The Earthscraper proposed by BNKR is not a small underground bunker. It is a fully functional, underground mini-city in the heart of Mexico. It represents both the current need for urban environments to maximize every square inch of valuable real-estate…as well as a desire to stay protected from outside dangers.
The BNKR Earthscraper is designed to go 1,000 feet underground. The shape of the construction is proposed to be an inverted pyramid that is slightly elongated on its vertical axis.
Some of the amenities include a shopping area and even living quarters for thousands of people.

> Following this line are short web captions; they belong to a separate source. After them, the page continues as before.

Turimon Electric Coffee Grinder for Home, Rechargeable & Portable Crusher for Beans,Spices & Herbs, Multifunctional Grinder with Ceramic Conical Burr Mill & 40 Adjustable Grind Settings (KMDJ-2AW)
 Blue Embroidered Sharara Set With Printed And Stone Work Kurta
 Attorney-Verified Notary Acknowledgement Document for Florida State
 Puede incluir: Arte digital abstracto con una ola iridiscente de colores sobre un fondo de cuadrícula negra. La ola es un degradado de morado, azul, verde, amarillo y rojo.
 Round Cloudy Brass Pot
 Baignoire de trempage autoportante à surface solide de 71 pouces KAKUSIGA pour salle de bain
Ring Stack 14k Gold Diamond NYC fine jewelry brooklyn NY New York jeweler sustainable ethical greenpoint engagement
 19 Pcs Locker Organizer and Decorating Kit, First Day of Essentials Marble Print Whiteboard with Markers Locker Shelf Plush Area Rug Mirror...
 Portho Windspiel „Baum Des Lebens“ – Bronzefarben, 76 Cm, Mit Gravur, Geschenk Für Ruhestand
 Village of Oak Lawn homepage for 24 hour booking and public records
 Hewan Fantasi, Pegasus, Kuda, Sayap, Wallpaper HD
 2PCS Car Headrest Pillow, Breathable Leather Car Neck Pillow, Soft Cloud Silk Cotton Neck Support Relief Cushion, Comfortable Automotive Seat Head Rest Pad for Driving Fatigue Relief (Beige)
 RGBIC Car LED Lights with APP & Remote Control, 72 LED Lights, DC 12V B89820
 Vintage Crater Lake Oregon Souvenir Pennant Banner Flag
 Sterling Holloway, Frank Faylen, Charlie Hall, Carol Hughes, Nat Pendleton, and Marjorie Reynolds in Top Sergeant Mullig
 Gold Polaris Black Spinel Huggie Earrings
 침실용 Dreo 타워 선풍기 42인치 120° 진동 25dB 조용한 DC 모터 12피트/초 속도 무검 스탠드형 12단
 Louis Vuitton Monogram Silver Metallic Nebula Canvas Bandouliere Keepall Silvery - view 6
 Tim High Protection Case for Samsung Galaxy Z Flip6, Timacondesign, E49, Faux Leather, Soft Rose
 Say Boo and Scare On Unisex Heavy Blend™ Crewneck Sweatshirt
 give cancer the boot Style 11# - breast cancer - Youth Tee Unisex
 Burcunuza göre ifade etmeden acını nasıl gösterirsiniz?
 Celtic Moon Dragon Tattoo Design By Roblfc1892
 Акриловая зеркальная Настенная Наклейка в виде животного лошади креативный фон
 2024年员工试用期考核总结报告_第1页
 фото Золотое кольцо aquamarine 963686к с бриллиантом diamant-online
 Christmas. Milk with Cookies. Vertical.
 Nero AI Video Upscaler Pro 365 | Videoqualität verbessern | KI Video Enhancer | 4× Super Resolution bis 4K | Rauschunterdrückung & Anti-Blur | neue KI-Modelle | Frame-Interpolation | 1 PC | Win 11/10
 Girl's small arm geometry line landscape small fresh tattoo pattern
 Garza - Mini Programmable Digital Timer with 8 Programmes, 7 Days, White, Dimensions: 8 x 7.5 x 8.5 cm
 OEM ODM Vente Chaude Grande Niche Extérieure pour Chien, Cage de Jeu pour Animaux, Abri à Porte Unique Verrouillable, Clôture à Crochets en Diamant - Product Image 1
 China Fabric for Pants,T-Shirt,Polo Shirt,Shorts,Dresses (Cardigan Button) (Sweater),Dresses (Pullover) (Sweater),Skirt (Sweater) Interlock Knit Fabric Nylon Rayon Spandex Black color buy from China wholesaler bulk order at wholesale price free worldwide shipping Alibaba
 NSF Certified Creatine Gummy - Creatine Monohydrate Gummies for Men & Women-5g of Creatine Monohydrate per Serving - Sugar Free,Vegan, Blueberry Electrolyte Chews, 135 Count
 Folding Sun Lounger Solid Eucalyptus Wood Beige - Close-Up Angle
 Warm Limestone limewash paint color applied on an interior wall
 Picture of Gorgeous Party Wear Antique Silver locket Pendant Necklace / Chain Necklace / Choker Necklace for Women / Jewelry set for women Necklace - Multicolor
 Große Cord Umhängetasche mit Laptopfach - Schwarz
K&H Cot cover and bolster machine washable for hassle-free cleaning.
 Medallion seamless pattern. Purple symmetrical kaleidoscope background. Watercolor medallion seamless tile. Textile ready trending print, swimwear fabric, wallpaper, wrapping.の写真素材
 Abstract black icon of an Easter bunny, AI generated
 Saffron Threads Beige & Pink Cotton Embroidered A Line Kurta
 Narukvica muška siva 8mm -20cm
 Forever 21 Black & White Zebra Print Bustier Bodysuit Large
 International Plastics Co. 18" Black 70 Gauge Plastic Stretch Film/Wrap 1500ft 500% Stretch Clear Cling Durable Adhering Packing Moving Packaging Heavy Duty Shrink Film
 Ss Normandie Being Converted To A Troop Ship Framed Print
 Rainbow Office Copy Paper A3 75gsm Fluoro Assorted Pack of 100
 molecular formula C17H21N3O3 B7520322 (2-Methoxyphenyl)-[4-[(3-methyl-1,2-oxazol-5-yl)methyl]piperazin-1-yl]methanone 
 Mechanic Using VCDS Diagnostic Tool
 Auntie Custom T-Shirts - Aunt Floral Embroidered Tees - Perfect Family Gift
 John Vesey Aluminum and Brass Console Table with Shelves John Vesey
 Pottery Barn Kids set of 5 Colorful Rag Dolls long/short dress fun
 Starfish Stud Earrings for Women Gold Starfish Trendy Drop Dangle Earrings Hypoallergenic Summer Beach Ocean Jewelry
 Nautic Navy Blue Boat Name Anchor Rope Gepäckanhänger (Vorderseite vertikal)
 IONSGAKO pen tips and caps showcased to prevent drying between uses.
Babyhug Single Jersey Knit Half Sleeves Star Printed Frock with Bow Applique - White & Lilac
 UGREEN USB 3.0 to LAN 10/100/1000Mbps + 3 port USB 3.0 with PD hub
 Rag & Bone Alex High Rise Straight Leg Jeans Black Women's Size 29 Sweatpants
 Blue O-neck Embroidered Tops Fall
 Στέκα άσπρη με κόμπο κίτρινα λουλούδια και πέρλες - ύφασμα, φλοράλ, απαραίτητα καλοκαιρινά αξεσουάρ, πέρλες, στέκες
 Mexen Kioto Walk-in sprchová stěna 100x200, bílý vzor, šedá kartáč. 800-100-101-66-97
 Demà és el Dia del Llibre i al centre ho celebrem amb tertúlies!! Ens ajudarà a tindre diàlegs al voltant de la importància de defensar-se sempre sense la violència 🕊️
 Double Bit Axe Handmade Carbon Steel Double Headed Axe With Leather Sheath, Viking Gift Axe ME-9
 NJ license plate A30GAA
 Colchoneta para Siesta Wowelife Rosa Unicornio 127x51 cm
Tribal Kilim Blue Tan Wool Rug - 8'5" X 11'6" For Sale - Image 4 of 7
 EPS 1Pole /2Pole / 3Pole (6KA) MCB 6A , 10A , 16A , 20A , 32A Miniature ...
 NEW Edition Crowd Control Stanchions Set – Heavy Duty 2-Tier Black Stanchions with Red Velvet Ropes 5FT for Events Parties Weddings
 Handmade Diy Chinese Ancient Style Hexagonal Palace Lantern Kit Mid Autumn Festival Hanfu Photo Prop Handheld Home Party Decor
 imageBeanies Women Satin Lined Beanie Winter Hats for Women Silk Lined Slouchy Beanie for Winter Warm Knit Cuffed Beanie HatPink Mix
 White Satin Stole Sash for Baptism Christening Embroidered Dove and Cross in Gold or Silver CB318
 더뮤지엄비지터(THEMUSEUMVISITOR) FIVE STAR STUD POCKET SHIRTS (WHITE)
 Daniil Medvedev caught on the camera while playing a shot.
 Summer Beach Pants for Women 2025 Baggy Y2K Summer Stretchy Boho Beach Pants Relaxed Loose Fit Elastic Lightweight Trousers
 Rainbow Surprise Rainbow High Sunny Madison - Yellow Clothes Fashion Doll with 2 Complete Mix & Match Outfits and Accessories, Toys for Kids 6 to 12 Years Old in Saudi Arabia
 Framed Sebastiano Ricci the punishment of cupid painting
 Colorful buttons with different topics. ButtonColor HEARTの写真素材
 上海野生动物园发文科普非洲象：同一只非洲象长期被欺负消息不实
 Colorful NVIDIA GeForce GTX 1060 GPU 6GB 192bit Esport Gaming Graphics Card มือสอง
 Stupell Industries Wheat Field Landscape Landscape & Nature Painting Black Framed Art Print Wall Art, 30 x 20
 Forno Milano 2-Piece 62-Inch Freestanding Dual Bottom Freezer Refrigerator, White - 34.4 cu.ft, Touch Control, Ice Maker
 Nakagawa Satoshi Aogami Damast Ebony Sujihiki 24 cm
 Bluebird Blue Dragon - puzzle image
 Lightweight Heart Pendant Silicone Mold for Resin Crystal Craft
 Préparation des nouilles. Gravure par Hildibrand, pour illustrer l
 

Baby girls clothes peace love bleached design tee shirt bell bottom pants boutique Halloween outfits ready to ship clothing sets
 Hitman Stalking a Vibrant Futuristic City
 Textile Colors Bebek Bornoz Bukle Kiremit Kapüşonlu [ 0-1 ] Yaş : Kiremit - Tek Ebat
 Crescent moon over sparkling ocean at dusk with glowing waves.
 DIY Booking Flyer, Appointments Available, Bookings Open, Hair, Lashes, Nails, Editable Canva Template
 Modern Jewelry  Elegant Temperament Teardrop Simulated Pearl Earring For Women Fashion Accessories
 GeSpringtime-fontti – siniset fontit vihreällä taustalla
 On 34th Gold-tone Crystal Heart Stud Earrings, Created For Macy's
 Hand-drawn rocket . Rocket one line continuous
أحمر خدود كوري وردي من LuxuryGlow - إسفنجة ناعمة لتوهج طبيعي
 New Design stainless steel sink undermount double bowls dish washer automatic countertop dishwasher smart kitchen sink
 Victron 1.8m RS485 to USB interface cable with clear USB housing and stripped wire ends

Pros for underground dwellings like this one are simple. They provide convenience for the people who live there, and jobs for people who create them. Underground structures can be made energy efficient through careful planning and sustainability practices. Another benefit to these dwellings is the access to geothermal energy. The closer one gets to the core of the Earth, the greater the likelihood of harnessing its natural warmth. Geothermal energy is a very viable alternative energy source and makes underground structures like the Earthscraper very appealing from a renewable energy point of view.
But there is one very serious con to underground dwellings. That con is the idea of lids and locks.
Imagine that in the future the environment gets more inhospitable, wars become more frequent, and people lean toward underground structures like BNKR’s Earthscraper as the new medium for convenience and security.
Society is already moving in this direction with how many bunker systems are being sold commercially and also created by independent survivalists.
So if there was ever a serious enough emergency, everyone or a specific city could be ordered via, let’s say the Emergency Broadcast System to enter their appropriate bunker complex or underground city.
Well, what’s stopping anyone from putting a lock on the door of your bunker while you’re hiding in the dark?
What’s stopping anyone from covering your underground city with dirt while you’re getting some last-minute shopping done?
Codes for access portals can always be reprogrammed.
The very desire for security and comfort may turn into our biggest security threat.
Remember, communications seem global, but in fact the communication grids can be manipulated. It takes much less effort to isolate large populations of people if they are concentrated and have few escape routes.
If you look at how internet access works, there are trunk land lines, cellular networks, and satellite networks. Trunk lines can always be turned off, cellular networks are dependent on towers, and satellite networks can be redirected. Encouraging people to live underground would be the perfect method for selective isolation.
So before we jump ahead full bore into demanding exciting shopping malls and museums underground…we as a society should take a hard look in the mirror and ask why living on the surface doesn’t feel as safe as it used to.